Form: 4a 5b / 4a 5b // 3-c 3d (.)5*6d 4-c
Achtzeilige Stollenstrophe (in L fehlt der letzte Vers). Das metrische Schema ist schwer zu bestimmen, da das Lied quer durch alle Hss. zahlreiche metrische Unregelmäßigkeiten aufweist. Besonders stark sind diese in den V. 5 und 7. C I,5 und C II,5 sind um eine Hebung zu kurz, bei C IV,5 muss von einem dreisilbigen Auftakt ausgegangen werden. In Vers 7 finden sich die Varianten .4d .5d und 6d. Entsprechend stark wurde in älteren Editionen in den handschriftlich überlieferten Text eingegriffen. Insgesamt sind für ein halbwegs einheitliches Schema dreisilbige Takte, gespaltene Senkungen (etwa in C I,3 oder C VI,7) und Synalöphen (etwa C III,7 da ist = dast oder C VI,3 du̍ ist = diust) anzusetzen. A III,6; C I,5; C IV,6; C V,5; C VI,5 sind unterfüllt; C V,8; E I,1f. und E V,8 sind überfüllt.

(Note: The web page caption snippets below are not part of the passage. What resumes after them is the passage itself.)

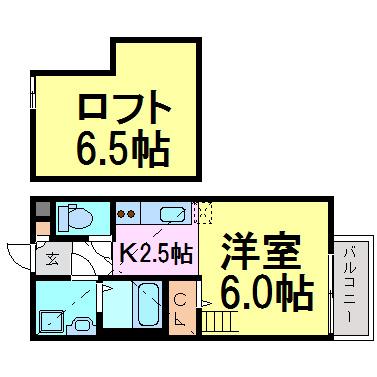 Attic立花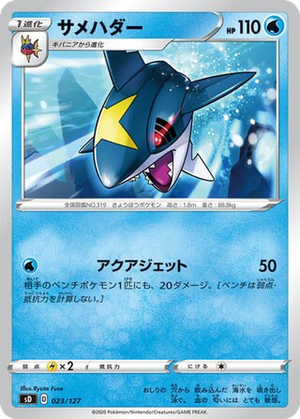 Sharpedo card image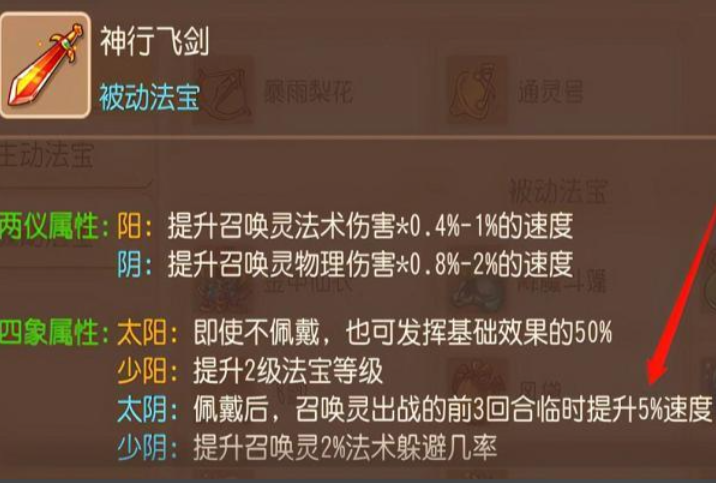 梦幻西游手游飞剑怎么玩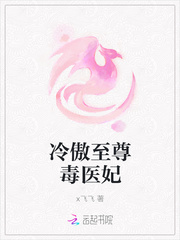 冷傲至尊毒医妃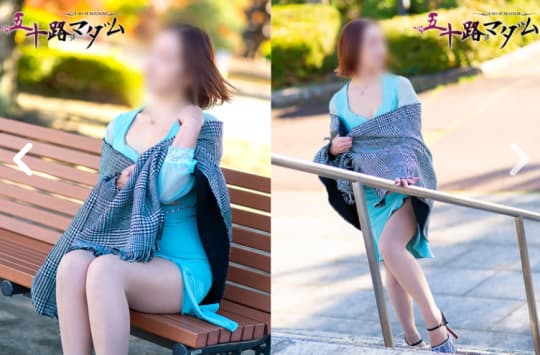 五十路マダム Kちゃん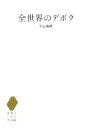 【中古】 全世界のデボラ 想像力の文学/平山瑞穂【著】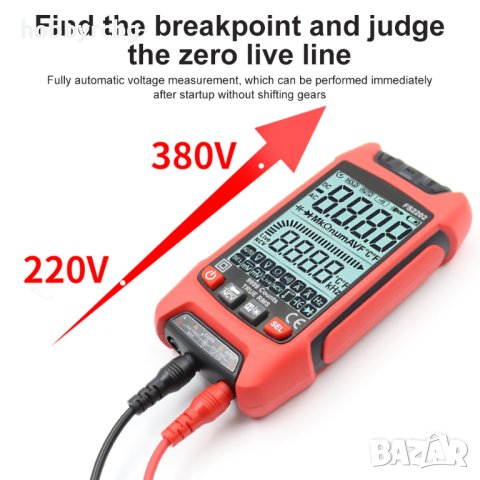 Мултицет с автоматичен обхват, NCV, измерване на 9 параметъра, снимка 7 - Други инструменти - 41652912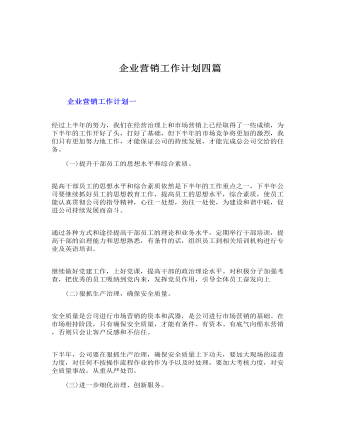 企业营销工作计划四篇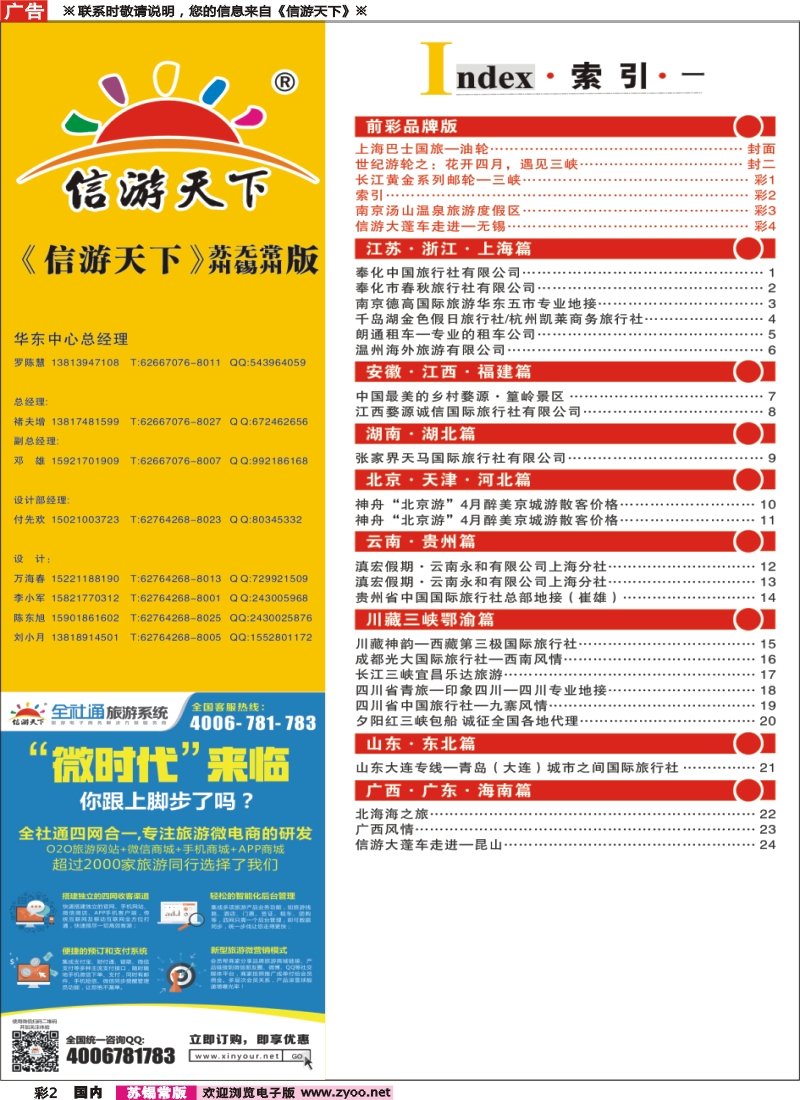 c彩2索引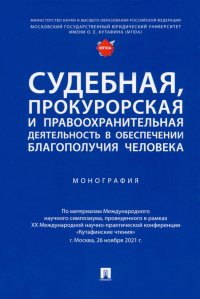 Судебная, прокурорская и правоохранительная деятельность в обеспечении благополучия человека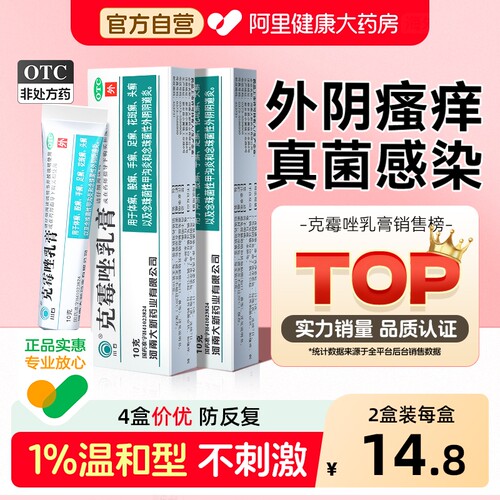 【自营】[川石]克霉唑乳膏1%*10g*1支/盒抑菌止痒|脚气脚臭|外阴瘙痒|体股癣|甲沟炎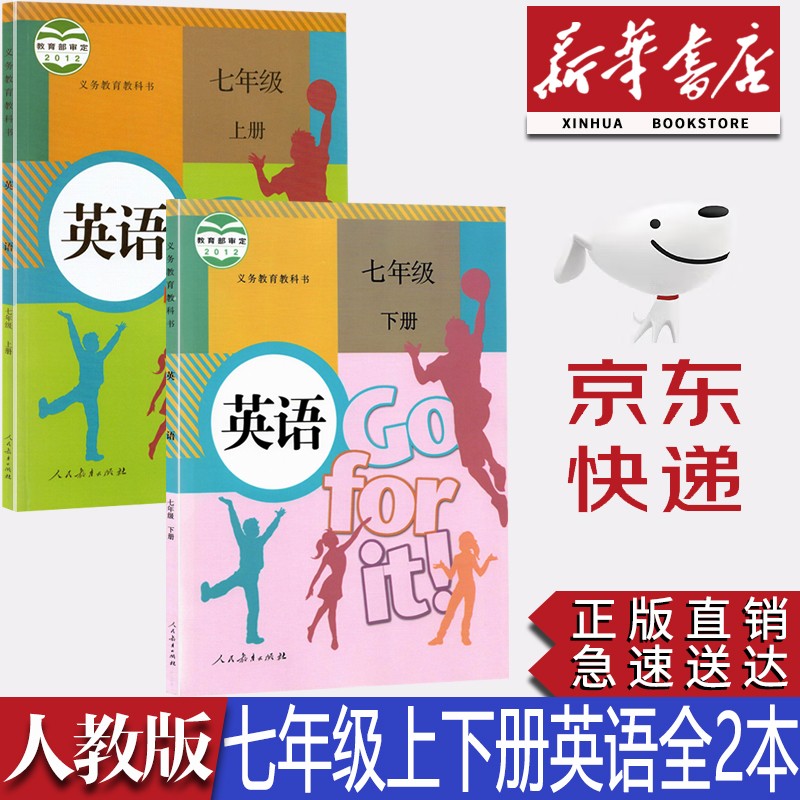 【新华书店正版】初中人教版7七年级英语上下册全套2本教材课本部编版七年级英语教科书初一七7上下册英语书人民教育出版社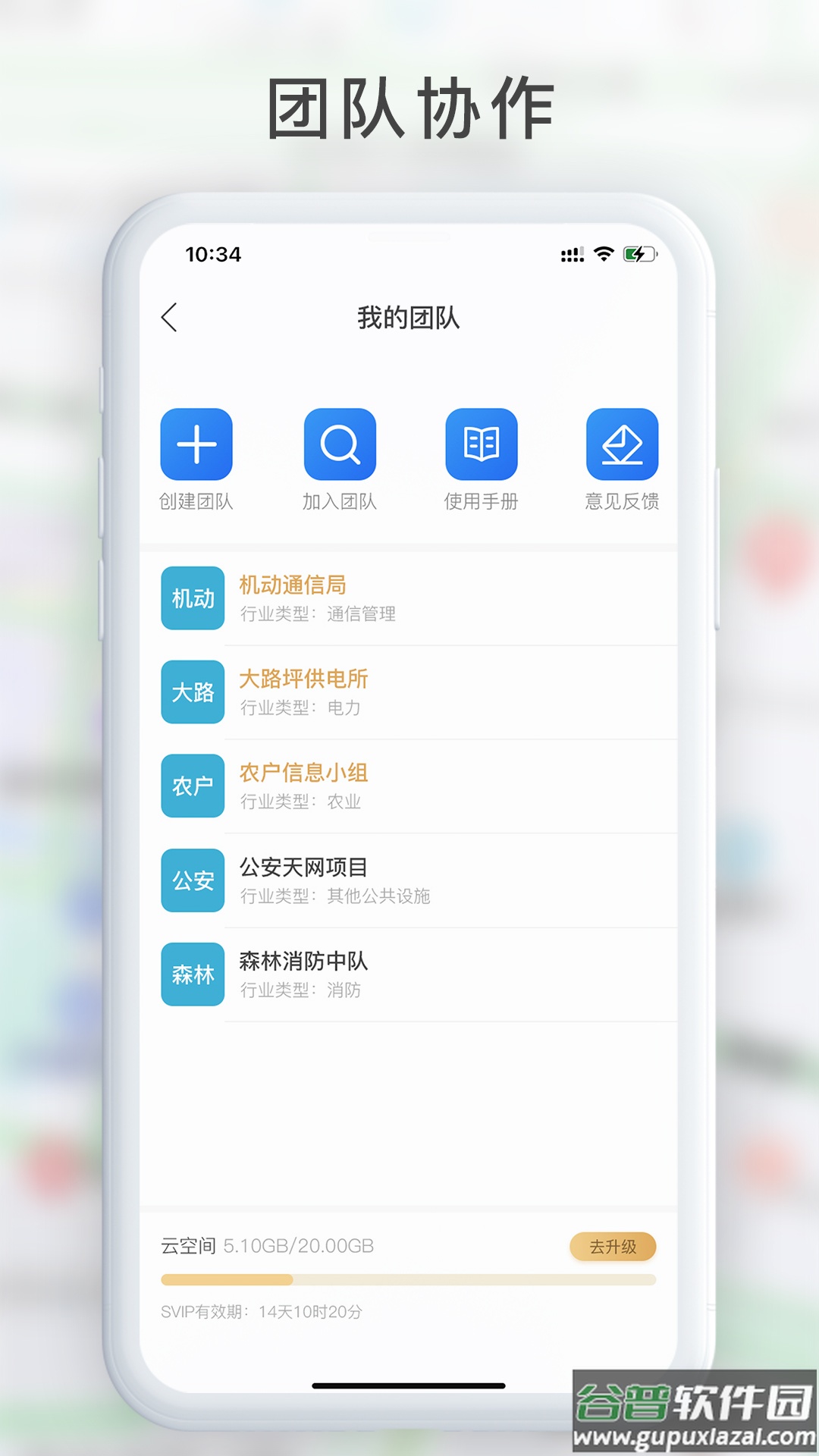 GPS工具箱官方免费下载截图3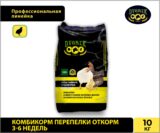 Комбикорм Dvorek ПЕРЕПЕЛА ОТКОРМ 3-6 недель - 10 кг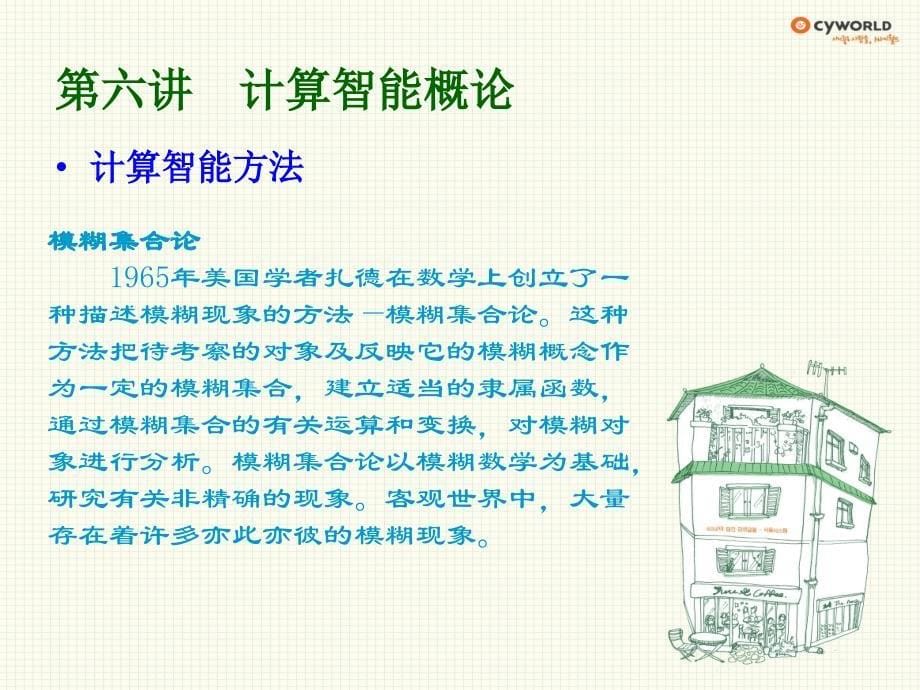 人工智能计算智能和机器学习.ppt_第5页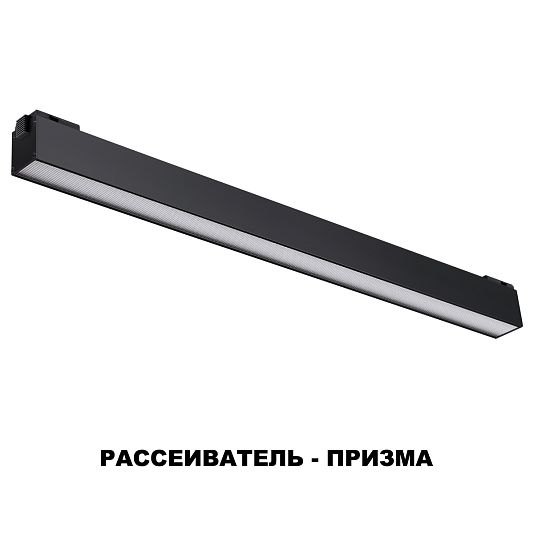 Трековый светильник для низковольного шинопровода NOVOTECH KIT 358521
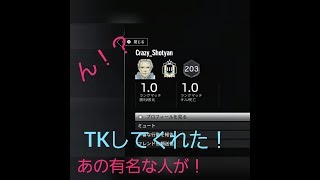 (R6S)ある日シージをやってたら有名実況者しょうじさんに会いましたそしてTKされました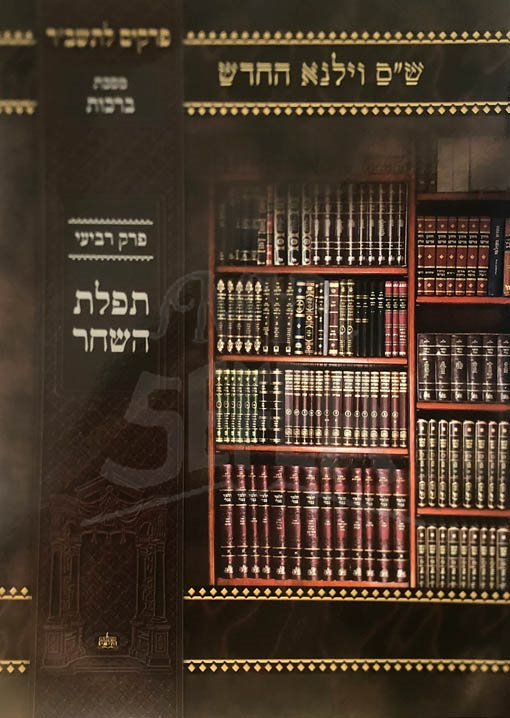 Masechet Brachot LeTalmidim - Perek Tefilat HaShachar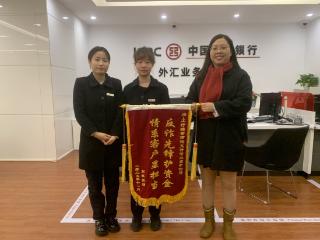 工行贵阳瑞金南路支行成功拦截24万港币跨境诈骗汇款获赠锦旗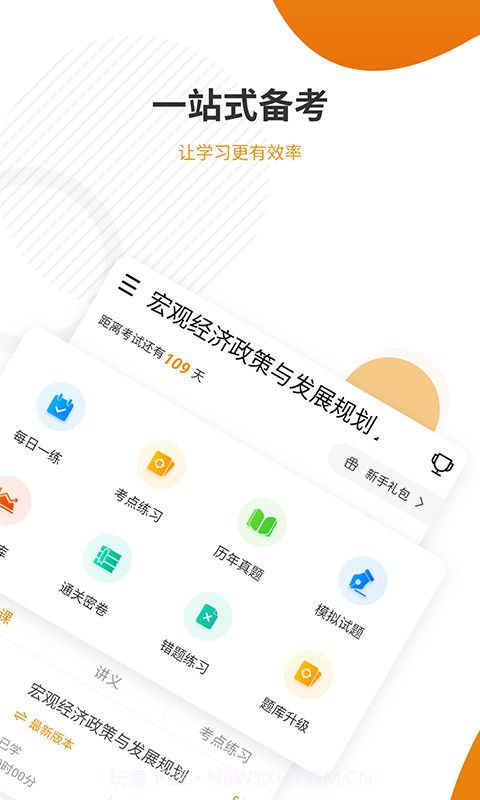 建筑工程准题库截图2 建筑工程准题库截图2
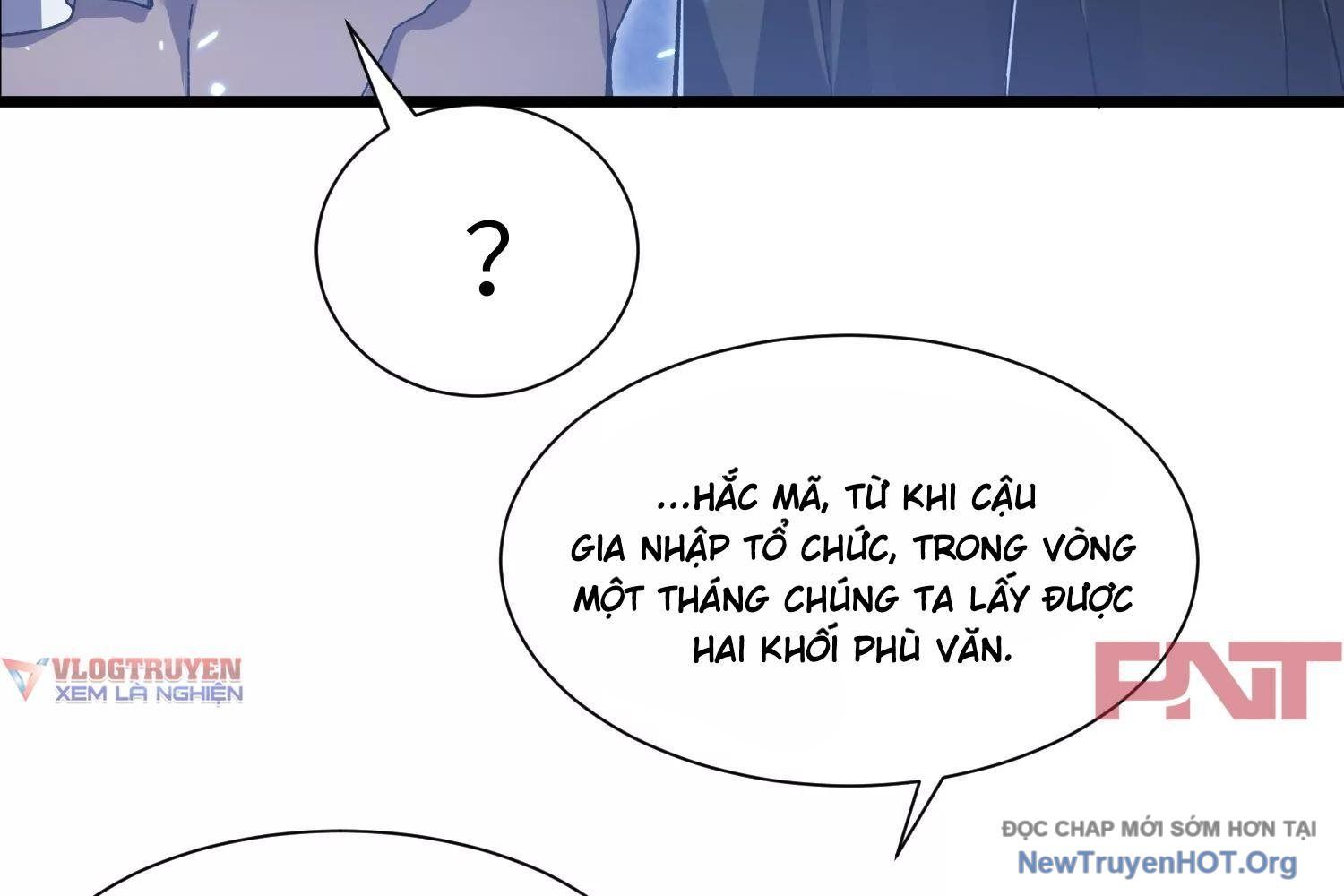 Thập Nhị Tinh – Dị Thú Mê Thành Chapter 90 - Trang 2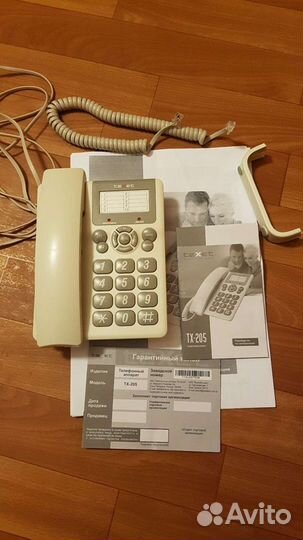 Телефон стационарный Texet Tx-205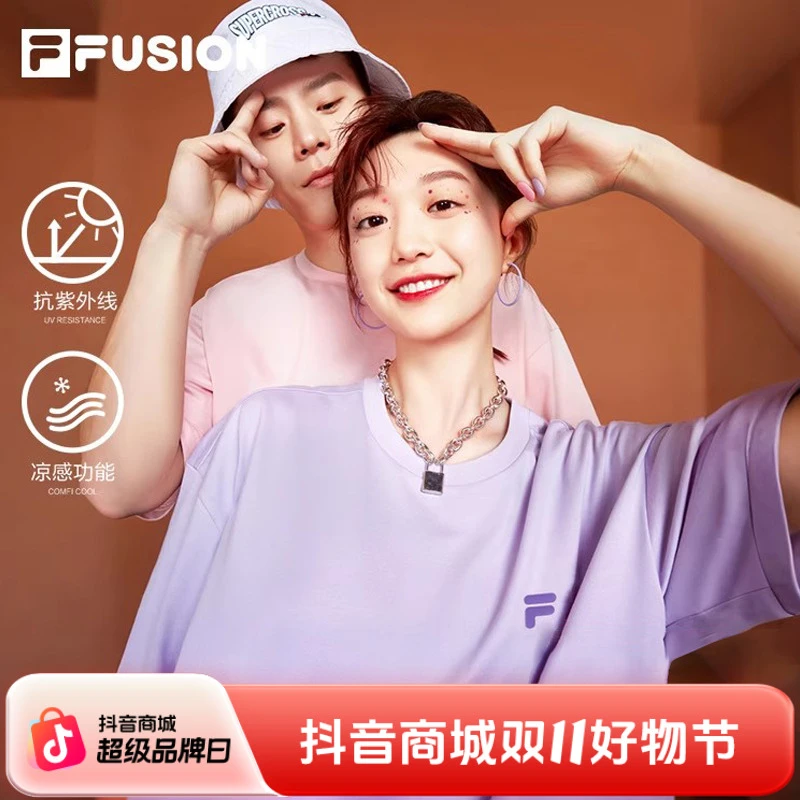明星同款FILAFUSION斐乐多彩短袖大标夏季情侣T恤T11U126110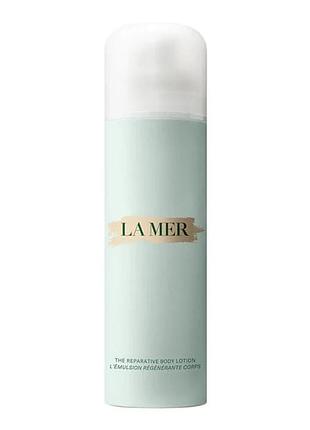 La mer лосьйон для тіла the reparative body lotion антивозрастной лосьон для тела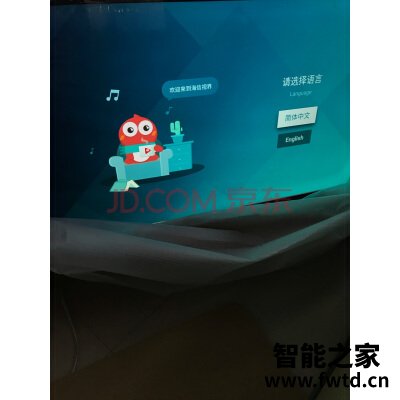 缺点海信H55E3A怎么样,测评一个月后感受!!!【大吐槽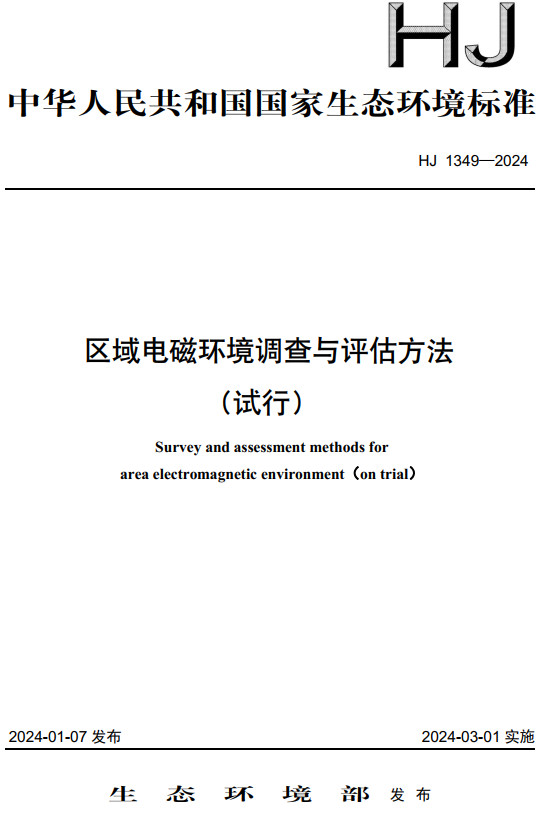 《区域电磁环境调查与评估方法（试行）》（HJ1349-2024）【全文附高清无水印PDF版下载】1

Inhalt: Herrenlob/Frauenpreis
Obwohl in Walthers ›Preislied‹ die Reihenfolge der Strophen differiert, setzt das Lied in allen Handschriften mit der Auftrittsstrophe eines Kundigen ein, der sich nach dem Muster des Sangspruchs an ein höfisches Publikum wendet. Die Lohnforderung, die das Sprecher-Ich stellt, ist allerdings weniger auf materiellen Besitz denn auf eren (C I 8) gerichtet. Die folgenden vier Strophen variieren immer wieder dasselbe Thema: Gepriesen werden die tiutschen lande, insbesondere hinsichtlich der Tugendhaftigkeit ihrer Bewohner. C beginnt mit der Ehrenhaftigkeit der Hofgesellschaft, um dann zum größeren Komplex der deutschsprachigen Länder überzugehen; in A hingegen werden zuerst die lande gepriesen (A III), um danach im pointierten Lob ihrer Bewohner zu münden. Der abgesteckte geographische Bereich ist dabei etwas enger gefasst als im Unmutston C Wa 325 et al. Inhaltlich signifikante Abweichungen innerhalb der Überlieferung finden sich etwa zwischen CE III,7 und A III,7. Die Anordnung der Strophen macht für den Grundduktus des Liedes insgesamt keinen nennenswerten Unterschied.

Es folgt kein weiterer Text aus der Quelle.